The following YAML file shows a sample configuration:
```
apiVersion: aiplatform.gdc.goog/v1
kind: Endpoint
metadata:
  name: ENDPOINT_NAME
  namespace: PROJECT_NAMESPACE
spec:
  createDns: true
  id: PREDICTION_ENDPOINT
  destinations:
    - serviceRef:
        kind: DeployedModel
        name: DEPLOYED_MODEL_NAME
        namespace: PROJECT_NAMESPACE
      trafficPercentage: 40
      grpcPort: 8501
      httpPort: 8081
    - serviceRef:
        kind: DeployedModel
        name: DEPLOYED_MODEL_NAME_2
        namespace: PROJECT_NAMESPACE
      trafficPercentage: 50
      grpcPort: 8501
      httpPort: 8081
    - serviceRef:
        kind: DeployedModel
        name: DEPLOYED_MODEL_NAME_3
        namespace: PROJECT_NAMESPACE
      trafficPercentage: 10
      grpcPort: 8501
      httpPort: 8081
```
Replace the following:
- ENDPOINT_NAME: the name of the existing Endpoint definition file.
- PROJECT_NAMESPACE: the name of the project namespace associated with the prediction cluster.
- PREDICTION_ENDPOINT: the name of the existing endpoint. You referenced this name on the DeployedModel definition file.
- DEPLOYED_MODEL_NAME: the name of a previously created DeployedModel definition file.
- DEPLOYED_MODEL_NAME_2: the name you gave to the newly created DeployedModel definition file.
You can have one or more serviceRef destinations. If you have a third serviceRef object, add it to the YAML file on the destinations field and replace DEPLOYED_MODEL_NAME_3 with the name you gave to the third DeployedModel definition file you created. Keep adding or removing serviceRef objects as you need them, depending on the amount of models you are deploying.

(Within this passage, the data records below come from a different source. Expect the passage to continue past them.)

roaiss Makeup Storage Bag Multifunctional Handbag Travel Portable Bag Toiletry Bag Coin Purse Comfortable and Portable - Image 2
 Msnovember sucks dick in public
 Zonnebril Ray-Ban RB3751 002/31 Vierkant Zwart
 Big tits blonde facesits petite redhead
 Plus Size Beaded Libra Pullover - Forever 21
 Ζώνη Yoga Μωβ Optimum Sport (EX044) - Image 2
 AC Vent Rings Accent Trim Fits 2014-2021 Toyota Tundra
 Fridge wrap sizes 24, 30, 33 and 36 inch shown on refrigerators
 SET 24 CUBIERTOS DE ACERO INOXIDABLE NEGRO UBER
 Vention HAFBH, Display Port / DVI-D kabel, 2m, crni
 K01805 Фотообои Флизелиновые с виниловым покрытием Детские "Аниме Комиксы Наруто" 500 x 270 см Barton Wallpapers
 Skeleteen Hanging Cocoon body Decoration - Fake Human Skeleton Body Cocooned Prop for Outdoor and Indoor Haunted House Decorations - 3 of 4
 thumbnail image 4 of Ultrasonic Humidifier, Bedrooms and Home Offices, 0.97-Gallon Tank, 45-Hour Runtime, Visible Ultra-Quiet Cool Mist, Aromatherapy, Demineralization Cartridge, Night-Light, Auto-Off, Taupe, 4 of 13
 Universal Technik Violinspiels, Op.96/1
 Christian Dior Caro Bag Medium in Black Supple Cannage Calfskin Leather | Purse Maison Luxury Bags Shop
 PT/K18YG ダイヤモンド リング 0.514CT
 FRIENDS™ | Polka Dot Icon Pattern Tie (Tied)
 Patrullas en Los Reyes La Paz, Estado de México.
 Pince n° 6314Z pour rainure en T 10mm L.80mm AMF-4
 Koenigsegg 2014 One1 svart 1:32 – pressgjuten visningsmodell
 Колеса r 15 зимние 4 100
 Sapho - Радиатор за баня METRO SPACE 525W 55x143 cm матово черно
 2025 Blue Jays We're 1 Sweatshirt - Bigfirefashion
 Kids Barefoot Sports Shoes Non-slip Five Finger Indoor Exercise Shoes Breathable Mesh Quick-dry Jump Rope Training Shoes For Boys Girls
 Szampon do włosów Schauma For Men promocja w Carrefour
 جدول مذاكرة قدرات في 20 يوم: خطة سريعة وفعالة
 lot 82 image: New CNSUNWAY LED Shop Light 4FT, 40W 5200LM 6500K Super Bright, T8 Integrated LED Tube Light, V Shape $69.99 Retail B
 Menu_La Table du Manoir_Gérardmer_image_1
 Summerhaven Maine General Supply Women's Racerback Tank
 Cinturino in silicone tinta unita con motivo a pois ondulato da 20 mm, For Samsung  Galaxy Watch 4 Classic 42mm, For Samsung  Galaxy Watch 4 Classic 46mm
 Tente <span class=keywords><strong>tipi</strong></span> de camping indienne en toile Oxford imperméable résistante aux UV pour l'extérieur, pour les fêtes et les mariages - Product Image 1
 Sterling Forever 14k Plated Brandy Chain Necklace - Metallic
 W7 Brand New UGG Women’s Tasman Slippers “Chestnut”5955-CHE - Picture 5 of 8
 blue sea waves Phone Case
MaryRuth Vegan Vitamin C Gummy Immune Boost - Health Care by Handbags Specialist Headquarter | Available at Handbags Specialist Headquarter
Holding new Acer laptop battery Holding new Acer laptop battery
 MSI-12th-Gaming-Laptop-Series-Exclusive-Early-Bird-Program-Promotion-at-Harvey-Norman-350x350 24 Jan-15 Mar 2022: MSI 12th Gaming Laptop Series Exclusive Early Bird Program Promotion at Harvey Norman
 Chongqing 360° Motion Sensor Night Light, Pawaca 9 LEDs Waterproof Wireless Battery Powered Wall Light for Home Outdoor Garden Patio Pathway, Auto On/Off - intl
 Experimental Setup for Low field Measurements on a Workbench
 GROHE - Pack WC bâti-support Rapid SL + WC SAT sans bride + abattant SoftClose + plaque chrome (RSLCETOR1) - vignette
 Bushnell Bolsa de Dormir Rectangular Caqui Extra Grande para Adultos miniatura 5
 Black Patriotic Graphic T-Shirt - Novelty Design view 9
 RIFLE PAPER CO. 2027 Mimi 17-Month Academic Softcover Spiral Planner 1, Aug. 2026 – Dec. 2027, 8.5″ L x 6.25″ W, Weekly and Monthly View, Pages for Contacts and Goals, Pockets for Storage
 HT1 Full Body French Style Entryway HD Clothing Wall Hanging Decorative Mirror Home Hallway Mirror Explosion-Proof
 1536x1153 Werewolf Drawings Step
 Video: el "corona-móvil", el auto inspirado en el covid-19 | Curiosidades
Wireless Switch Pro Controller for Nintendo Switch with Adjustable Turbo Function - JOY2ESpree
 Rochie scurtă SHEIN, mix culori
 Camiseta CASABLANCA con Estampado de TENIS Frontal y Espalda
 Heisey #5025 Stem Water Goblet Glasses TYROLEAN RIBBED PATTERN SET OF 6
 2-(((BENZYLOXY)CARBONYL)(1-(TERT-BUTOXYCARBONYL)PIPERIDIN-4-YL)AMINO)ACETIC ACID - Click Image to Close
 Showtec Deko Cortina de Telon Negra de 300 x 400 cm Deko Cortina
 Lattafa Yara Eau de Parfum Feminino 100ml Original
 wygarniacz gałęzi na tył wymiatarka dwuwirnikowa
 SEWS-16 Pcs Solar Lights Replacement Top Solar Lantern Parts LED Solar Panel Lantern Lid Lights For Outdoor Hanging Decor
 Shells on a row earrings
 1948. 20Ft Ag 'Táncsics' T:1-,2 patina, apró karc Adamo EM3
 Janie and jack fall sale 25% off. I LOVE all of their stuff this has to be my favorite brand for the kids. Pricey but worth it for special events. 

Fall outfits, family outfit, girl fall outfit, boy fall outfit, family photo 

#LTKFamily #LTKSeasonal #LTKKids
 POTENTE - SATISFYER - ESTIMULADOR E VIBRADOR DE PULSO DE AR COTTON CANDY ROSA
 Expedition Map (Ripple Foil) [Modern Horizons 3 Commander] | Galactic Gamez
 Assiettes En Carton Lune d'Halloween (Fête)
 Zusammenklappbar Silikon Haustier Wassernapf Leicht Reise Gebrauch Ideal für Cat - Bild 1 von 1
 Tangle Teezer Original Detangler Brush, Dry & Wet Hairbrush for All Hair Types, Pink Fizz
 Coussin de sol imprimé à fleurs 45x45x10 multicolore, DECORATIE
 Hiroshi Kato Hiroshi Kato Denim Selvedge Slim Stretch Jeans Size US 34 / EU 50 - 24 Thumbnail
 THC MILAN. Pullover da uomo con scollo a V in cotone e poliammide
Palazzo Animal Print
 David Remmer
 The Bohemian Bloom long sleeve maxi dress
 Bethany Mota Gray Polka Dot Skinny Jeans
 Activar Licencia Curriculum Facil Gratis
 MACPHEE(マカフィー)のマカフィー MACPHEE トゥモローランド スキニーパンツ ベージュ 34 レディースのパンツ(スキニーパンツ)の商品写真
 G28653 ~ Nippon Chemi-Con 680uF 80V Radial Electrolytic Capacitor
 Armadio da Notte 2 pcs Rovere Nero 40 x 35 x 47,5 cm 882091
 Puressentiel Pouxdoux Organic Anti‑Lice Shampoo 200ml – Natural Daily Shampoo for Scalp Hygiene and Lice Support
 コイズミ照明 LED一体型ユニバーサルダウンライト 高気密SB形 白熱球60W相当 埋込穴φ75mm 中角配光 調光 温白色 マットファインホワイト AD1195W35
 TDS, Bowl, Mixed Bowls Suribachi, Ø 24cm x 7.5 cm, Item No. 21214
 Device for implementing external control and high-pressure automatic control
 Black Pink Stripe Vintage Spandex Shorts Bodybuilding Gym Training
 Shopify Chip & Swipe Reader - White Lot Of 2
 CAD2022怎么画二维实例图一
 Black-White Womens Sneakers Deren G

Set the trafficPercentage fields based on how you want to split traffic between the models of this endpoint. Modify the values on the remaining fields according to your endpoint configurations.
Apply the Endpoint definition file to the prediction cluster:
```
kubectl --kubeconfig PREDICTION_CLUSTER_KUBECONFIG apply -f ENDPOINT_NAME.yaml
```
Replace ENDPOINT_NAME with the name of the Endpoint definition file.

To get the endpoint URL path for the prediction model, run the following command:

kubectl --kubeconfig PREDICTION_CLUSTER_KUBECONFIG get endpoint PREDICTION_ENDPOINT -n PROJECT_NAMESPACE -o jsonpath='{.status.endpointFQDN}'

Replace the following:

PREDICTION_CLUSTER_KUBECONFIG: the path to the kubeconfig file in the prediction cluster.
PREDICTION_ENDPOINT: the name of the endpoint.
PROJECT_NAMESPACE: the name of the prediction project namespace.